Rice farming in the Gbondapi area started last year, but productivity was low, according to Columba. This, he said, was mainly due to unforeseen circumstances. They were farming in an area with unique challenges.

Farmers from the Bandakor Village community fan out in a line as they harvest rice on the Gbondapi farmland in Pujehun, Sierra Leone. The group was harvesting the first yields of the Bishop Yambasu Agriculture Initiative farm, where 75 acres were cultivated in 2021. Photo by Phileas Jusu, UM News.

Unlike the situation in other parts of the country, the Gbondapi farmlands flood throughout the rainy season when the rice plant is about a foot tall. Tilling the land and planting are done before the farms are flooded; harvesttime coincides with the dry season when floodwaters have receded completely. With manual labor, harvesting is slow because the grains fall to the ground as the floodwaters recede, causing postharvest losses. 

Using their own equipment and having secured more land, the farmers have high hopes for the next farming season. “This year,” Rogers said, “we are extending to Tonkolili District in the Magbass area, where we have secured another 200 acres to plant rice.

“We have bought tractors for plowing and harrowing,” he continued. “Two rice-milling plants are being installed in Gbondapi and Taninahun. We also have bought a truck to convey all our implements and, in the future, our harvests as well. We already have the funds laid aside for the purchase of a harvester. What we are doing now is arranging the procurement processes to purchase one more tractor and a harvester.”

Both the church and the community benefit from the project. 

“We support the farming communities where we work,” Rogers said. “Using machinery, we plow vast extensions of farmlands for them and provide seedlings and chemicals for weeding. The pilot phase we invested in last year was promising. In Taiama alone, where we cultivated 19 acres of land using hired machinery, we harvested about 156 bushels of rice.” 

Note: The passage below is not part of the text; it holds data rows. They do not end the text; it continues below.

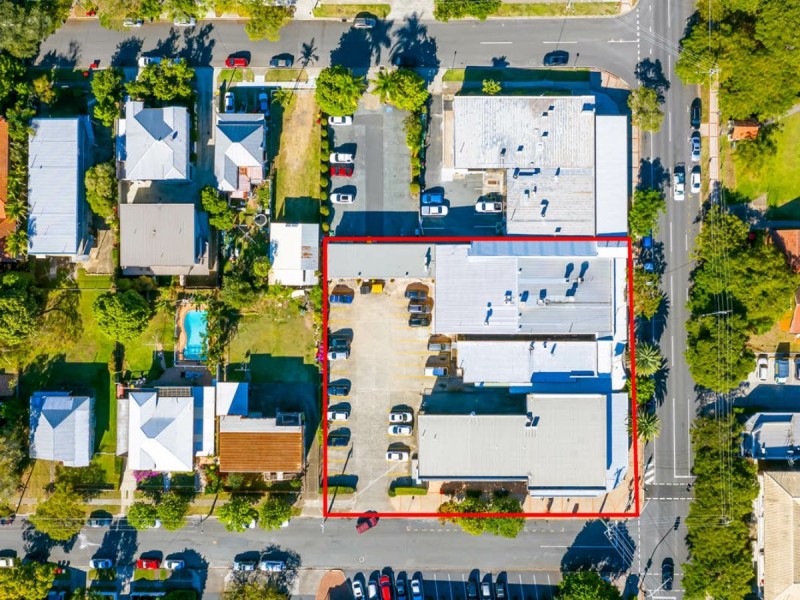 63-71 Racecourse Road, Hamilton QLD 4007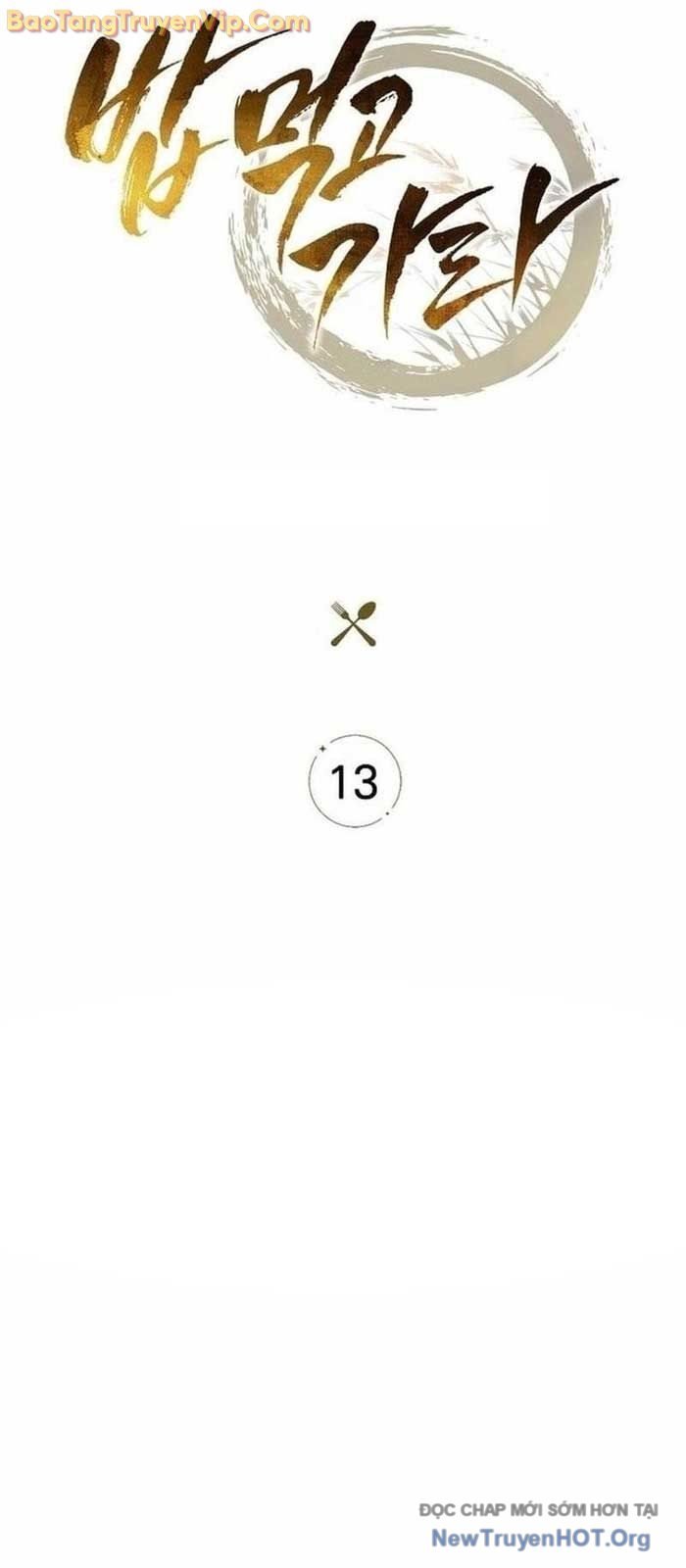 Quán Ăn Định Mệnh Chap 13 - Next Chap 14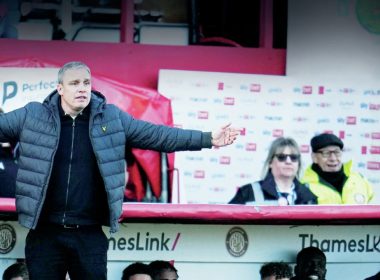 EXIT: Michael Duff was axed by Huddersfield PICTURE: Alamy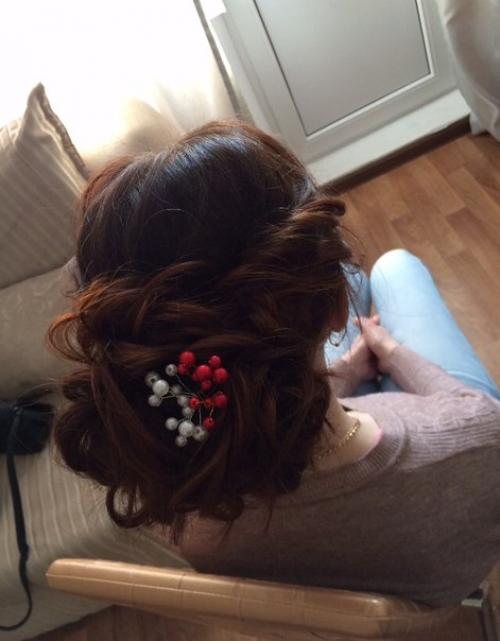 Дорогие девушки?  Помогу создать красивый образ в соответствии с вашими индивидуальными особенностями. 01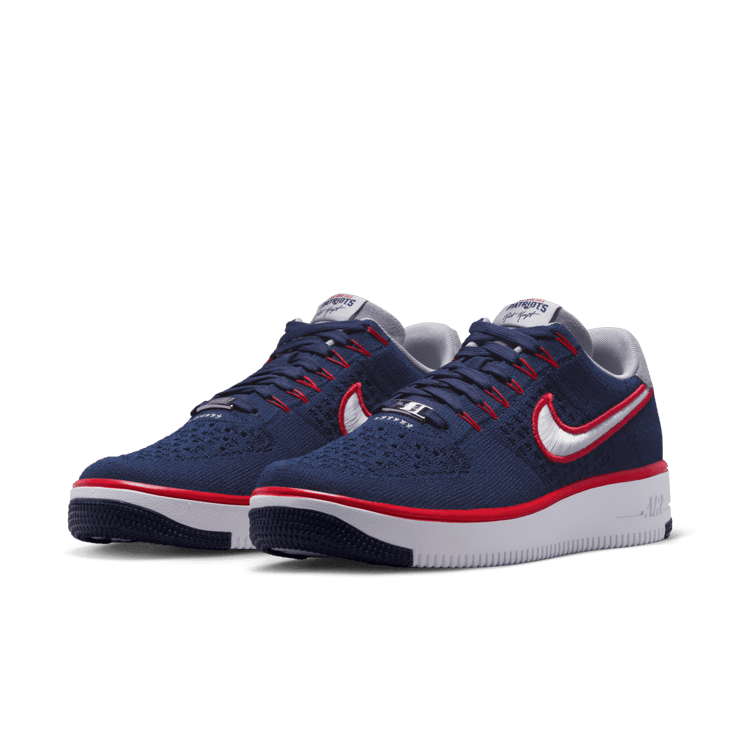 Nike Air Force 1 Flyknit RKK FD0495 400 Raffles Where to Buy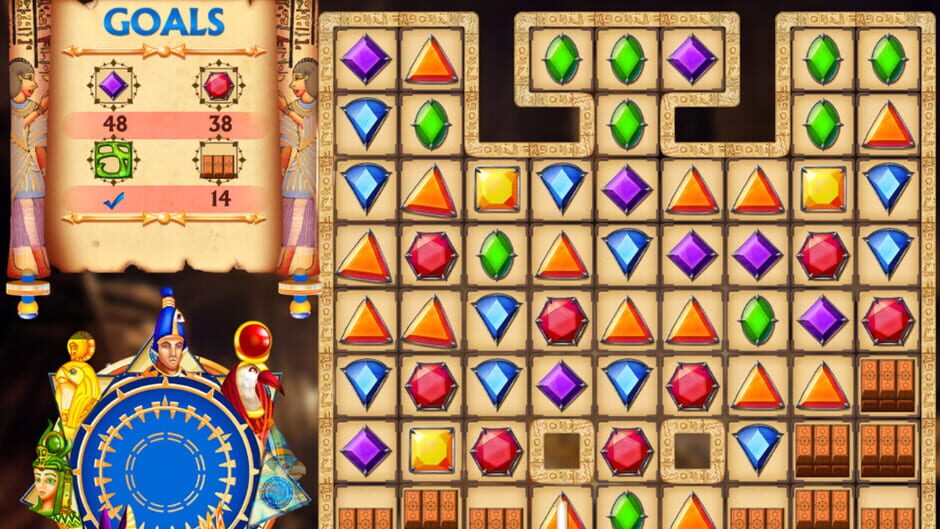 Ancient Stories: Gods of Egypt Screenshot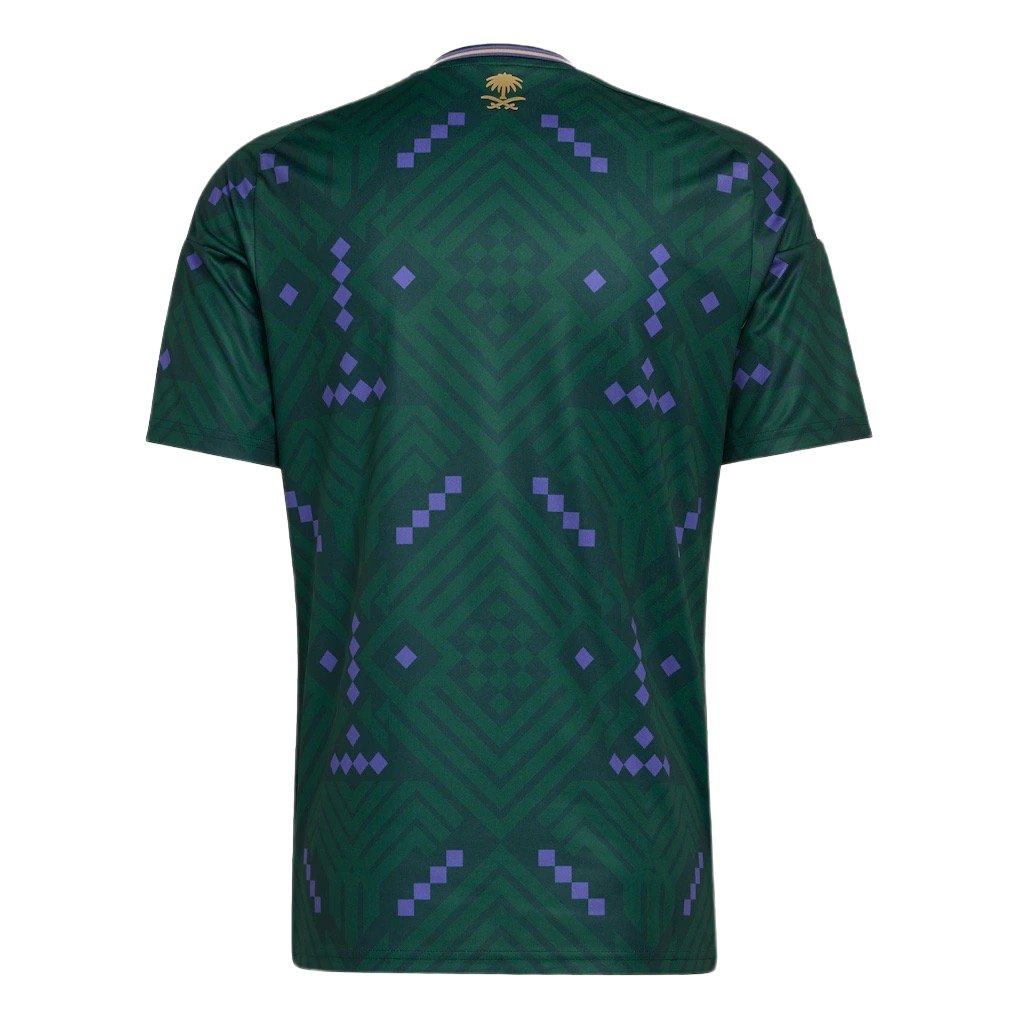 Saudi Arabia Home Jersey 2026 World Cup (Fan)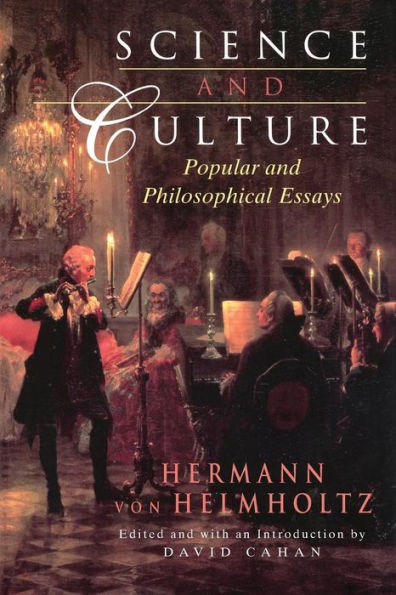 Science and Culture: Popular and Philosophical Essays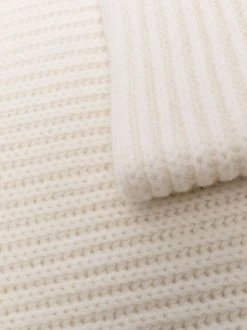 12 STOREEZ IVORY écharpe En Maille Nervuré Femme -12 STOREEZ Soldes Magasin 17662936 37212720 600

The project has started other initiatives on a small scale. 

“For Pa Loko in the Waterloo-Freetown rural area,” Rogers said, “we are engaging locals in vegetable farming and animal husbandry.” If that pilot phase proves promising, they will expand the effort. 

Asked how he hoped the agriculture initiative would benefit his community, Lahai Mansaray, the Bandakor village chief, said “We are already benefiting. The initiative cultivated and plowed extra acres of farms for the community. They hired the plows and provided the seeds.  All we did was to help in broadcasting the seeds.” Broadcasting is scattering seeds over a broad area, rather than sowing in furrows.

“This year,” Mansaray added, “we hope to cultivate more because the project now has more machines. We have also asked Rev. Columba to support our vegetable farming. That way, our livelihoods are diversified and income improved.” 

Mansaray was excited to learn that the project is buying a harvester that would relieve them of having to harvest using sickles. He desires a boat in the future because most of the farming communities live on small islands around the sea. In the rainy season, they can only travel by boat. 

“Previously,” he said,” we relied on manual labor using hoes and the sickles we are using today. But with mechanized farming, the hope for the future is bright.” 

Jusu is director of communications for The United Methodist Church in Sierra Leone.